O romancista e cronista João Ubaldo Ribeiro passou 15 meses em Berlim no início da década de 90. E em 1995 publicou o livro de crônicas “Um brasileiro em Berlim” (minha edição da Objetiva é de 2011). Nele descreve as suas múltiplas e bem-humoradas experiências no desconcertante, surpreendente e algumas vezes intrigante contato com o idioma, os costumes, a cultura, a maneira de ser e de conviver dos alemães. As observações e análises, por mais importantes e significativas, são feitas de uma forma que faz rir, pelo humor e descontração. Sem prejuízo das reflexões de caráter sociológico, político e até filosófico que suscitam. Isso tudo sem perder a leveza e o tom espirituoso.

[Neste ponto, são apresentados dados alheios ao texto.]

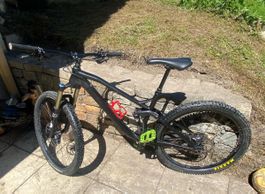 Enduro canyon Spectral Taille M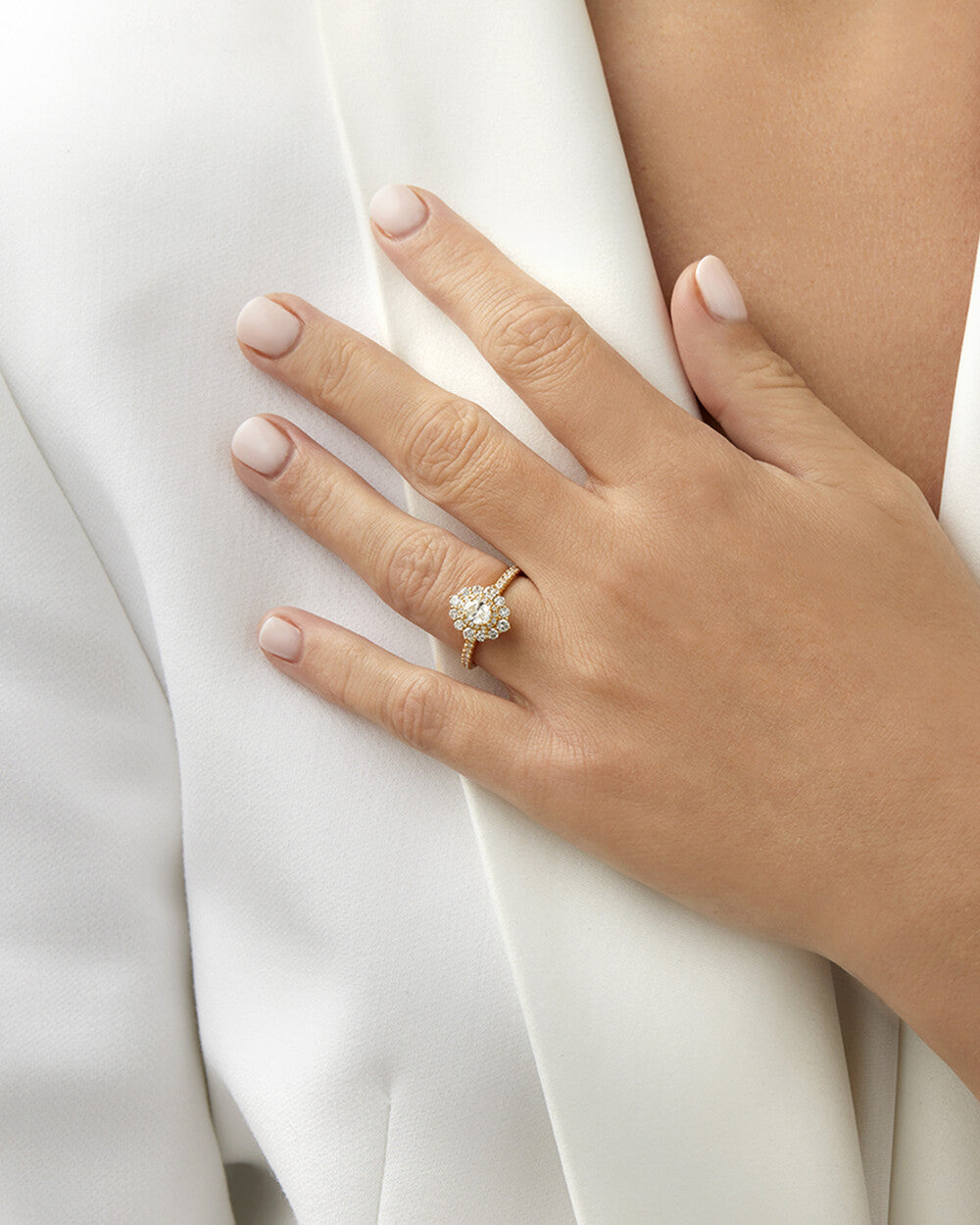 Oval Engagement Ring with 0.98 Carat TW Diamonds in 14kt Yellow Gold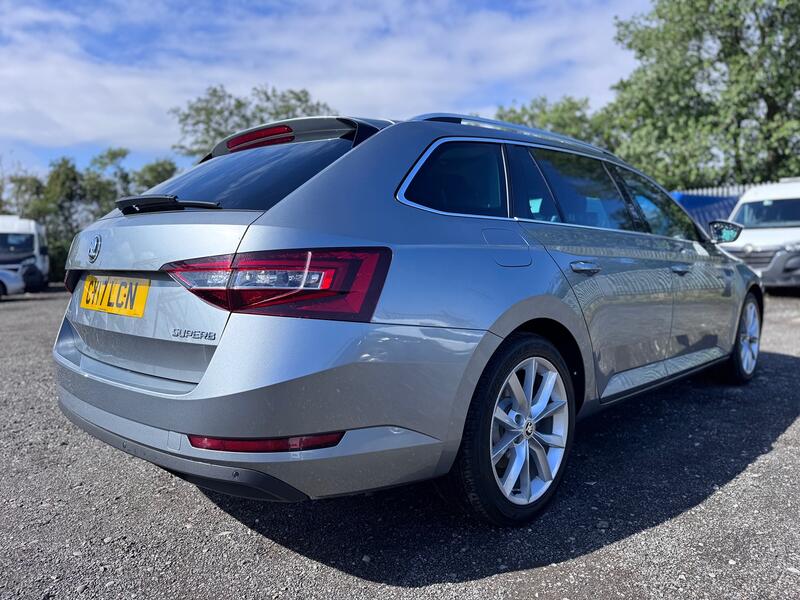 SKODA SUPERB SE L Executive Estate. 2.0 TDI 150. 6sp. Leather. Nav. DAB. 2017
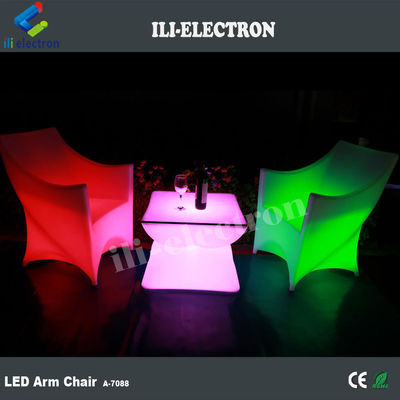 Chaise de meuble en PE en plastique à LED éclairée en RGB avec batterie au lithium rechargeable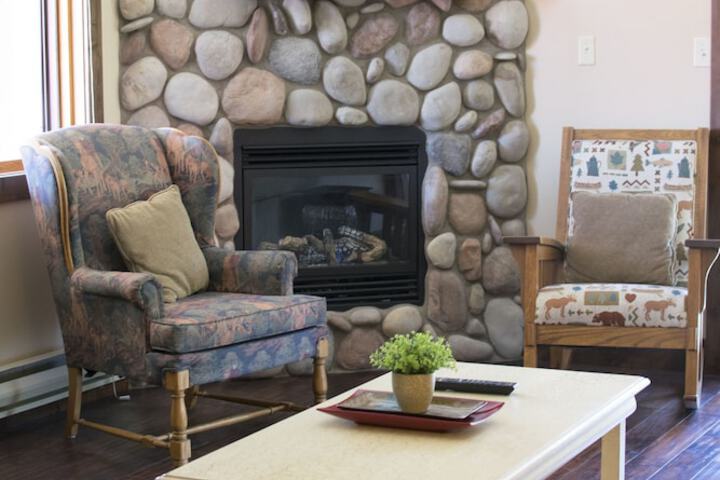 Aspen Village Inn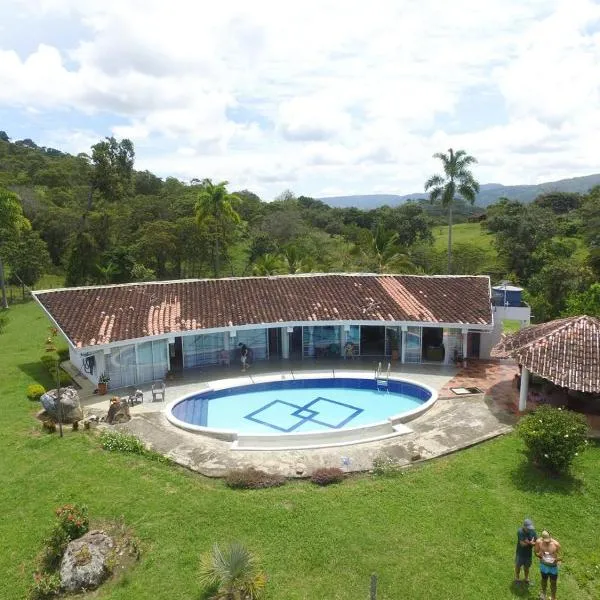 Casa Merak Villa de Lujo con Piscina Infinita y Vista 360 Desconexión Total Oiba Santander，位于Oiba的酒店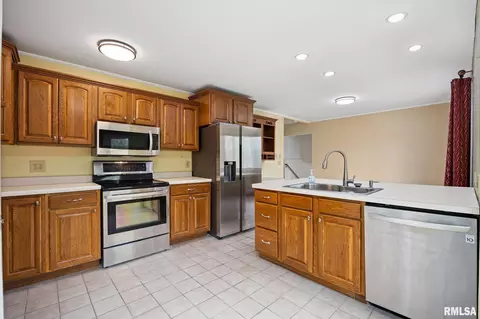 Kitchen - 9909 W Buckhaven Ct, Mapleton, IL 61547 photo 2 of 2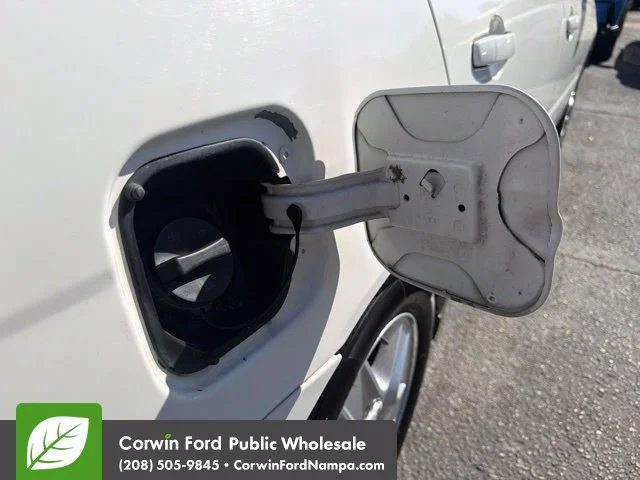 Used 2005 White Chevrolet  image 10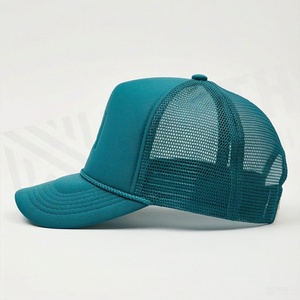 Casquette de camionneur turquoise avec logo lettre A en relief, 6 panneaux, maille, réglable, unisexe, décontractée - Product Image 3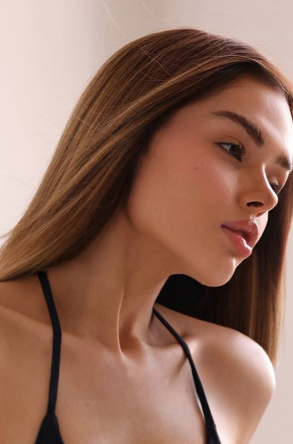 Escort Mikami from Kensington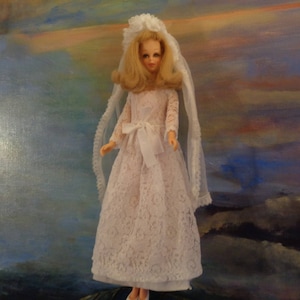Francie 80er Hochzeitskleid (ohne Puppe!) Kleid in sehr gutem Zustand Schleier ein wenig abgenutzt, aber kaum sichtbar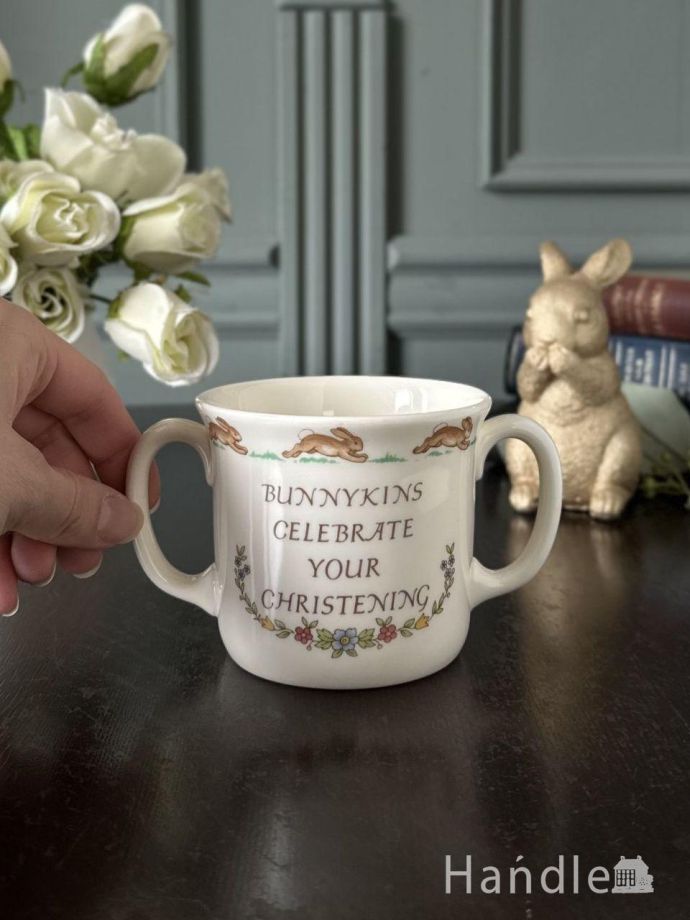 陶磁器のマグカップ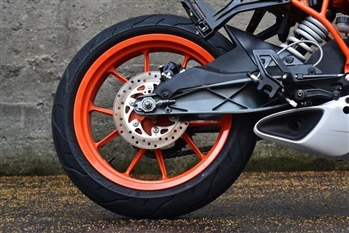 کی‌تی‌ام RC 200 - 9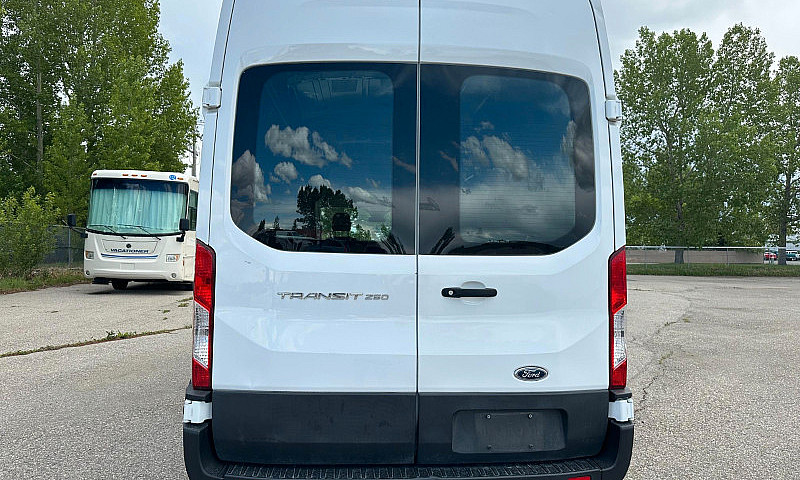 2021 Ford Transit T2...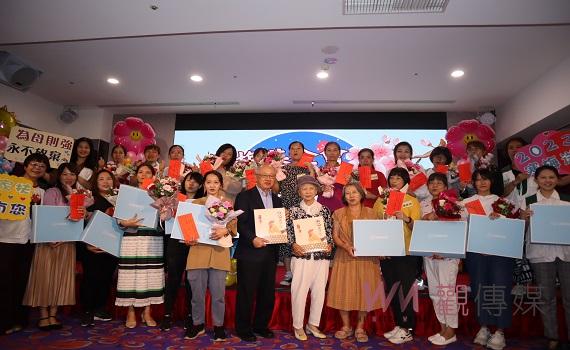 寒梅52年幫助588位單親媽媽　陳楊麗蓉激勵家扶媽傲雪綻放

Na realidade, as crônicas evidenciam as qualidades excepcionais de um dos melhores, mais lidos e traduzidos ficcionistas da contemporânea literatura brasileira. São crônicas que assumem algumas vezes uma dimensão surrealista já que os fatos não deixam de ser concretos mas são vistos sob a ótica de uma poderosa imaginação que os distorce e desfoca em caricaturas jocosas e paródias sarcásticas. Através de episódios em que o principal personagem, o cronista, é sempre o mais engraçado e desastrado anti-herói, são revelados aspectos da sociedade alemã que comumente passam despercebidos a um estrangeiro que mora em Berlim. E que são, entretanto, essenciais à compreensão de um país e de um povo com trágico e execrado protagonismo histórico durante a Segunda Guerra Mundial. Pois, enfim, os horrores do nazismo ainda dilaceram a memória universal. 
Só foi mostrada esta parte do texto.